YOUR TASK => Would you retype the whole listing exactly, leaving its pictures out?

DATASET EXTRACT =>
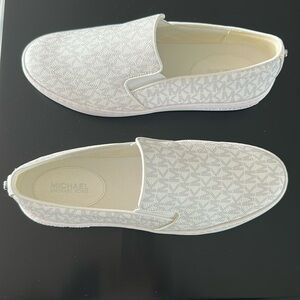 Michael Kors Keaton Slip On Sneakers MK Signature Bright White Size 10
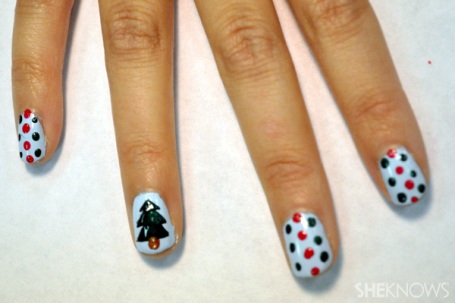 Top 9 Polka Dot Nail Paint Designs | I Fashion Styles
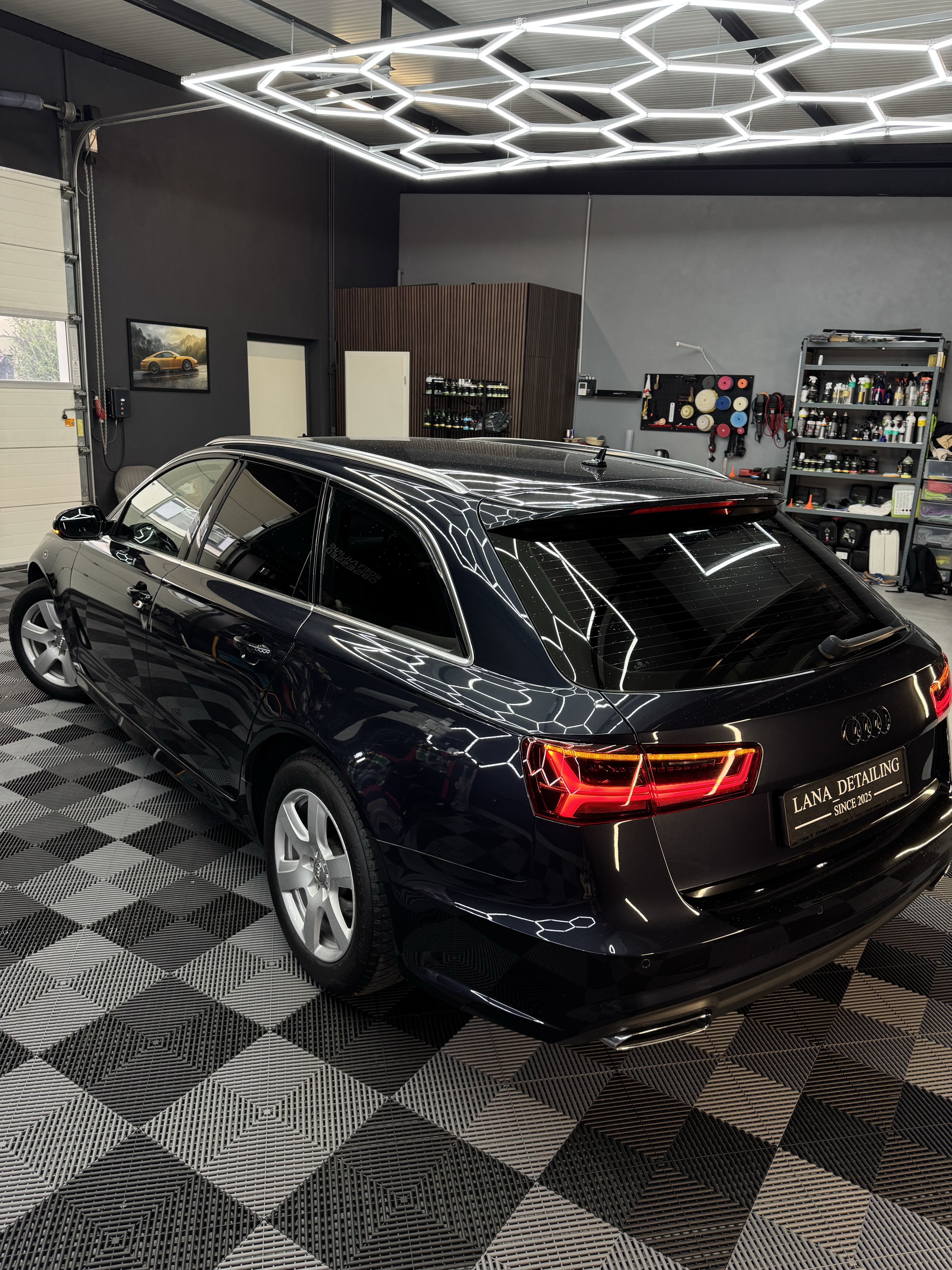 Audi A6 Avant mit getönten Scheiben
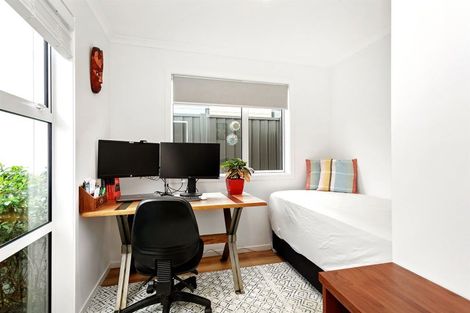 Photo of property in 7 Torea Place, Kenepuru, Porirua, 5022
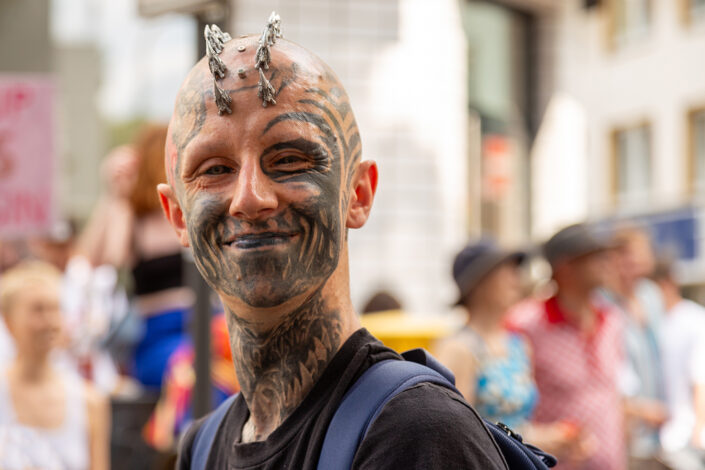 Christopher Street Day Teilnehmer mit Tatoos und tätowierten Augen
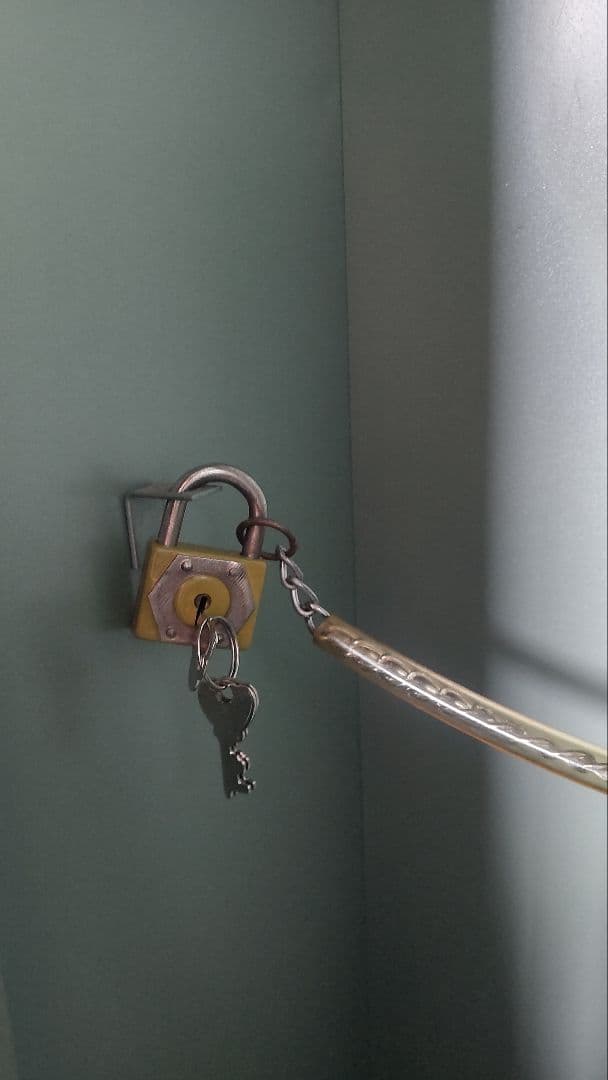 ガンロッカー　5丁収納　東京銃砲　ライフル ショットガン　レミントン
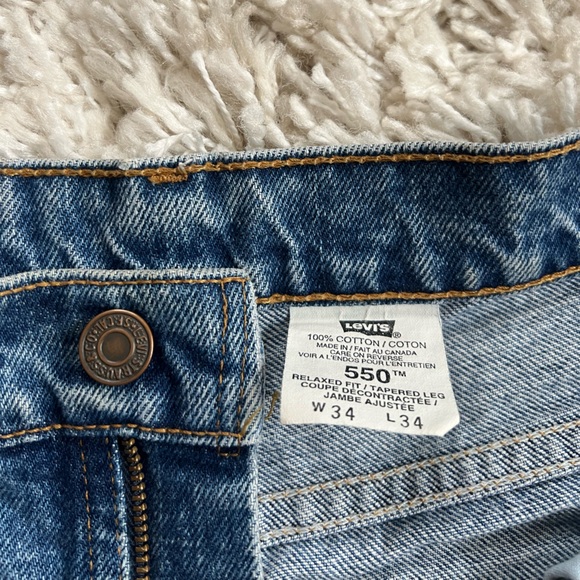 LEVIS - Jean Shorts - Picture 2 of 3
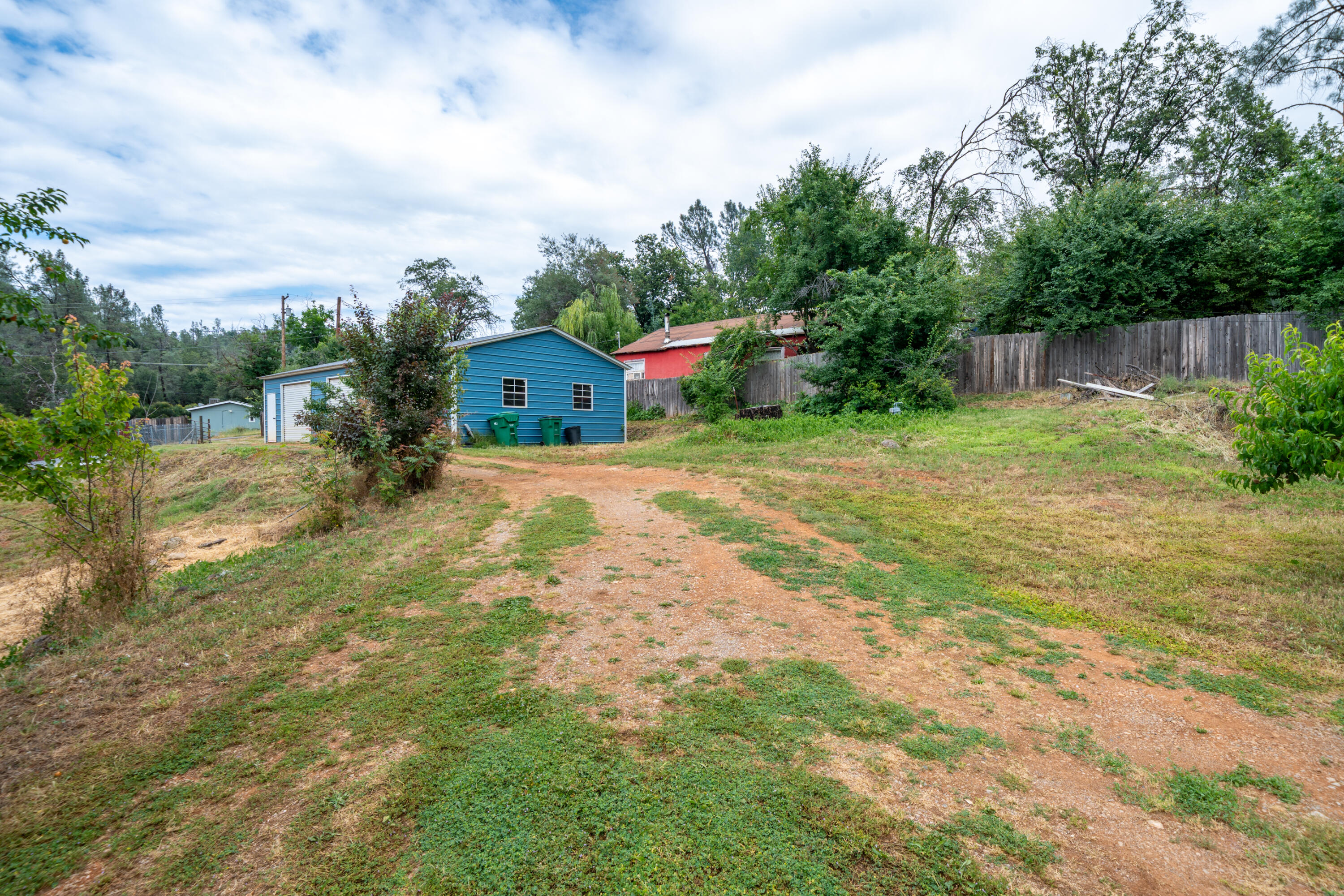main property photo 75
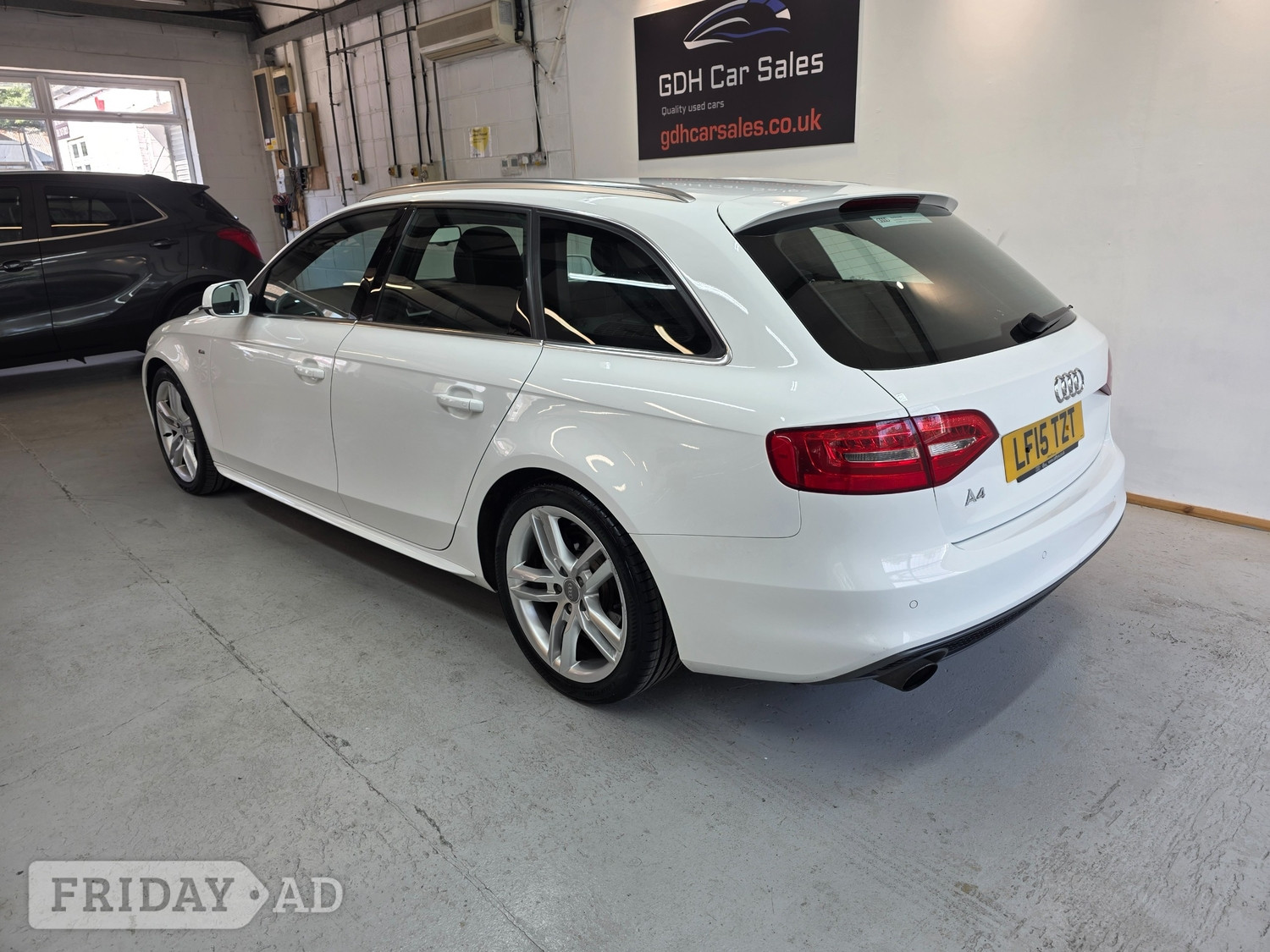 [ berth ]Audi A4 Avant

EXERCISE ANSWER =>
 Michael Kors Keaton Slip On Sneakers MK Signature Bright White Size 10
 Top 9 Polka Dot Nail Paint Designs | I Fashion Styles
 Audi A6 Avant mit getönten Scheiben
 Photo of property in 7 Torea Place, Kenepuru, Porirua, 5022
 Christopher Street Day Teilnehmer mit Tatoos und tätowierten Augen
 ガンロッカー　5丁収納　東京銃砲　ライフル ショットガン　レミントン
 LEVIS - Jean Shorts - Picture 2 of 3
main property photo 75
 [ berth ]Audi A4 Avant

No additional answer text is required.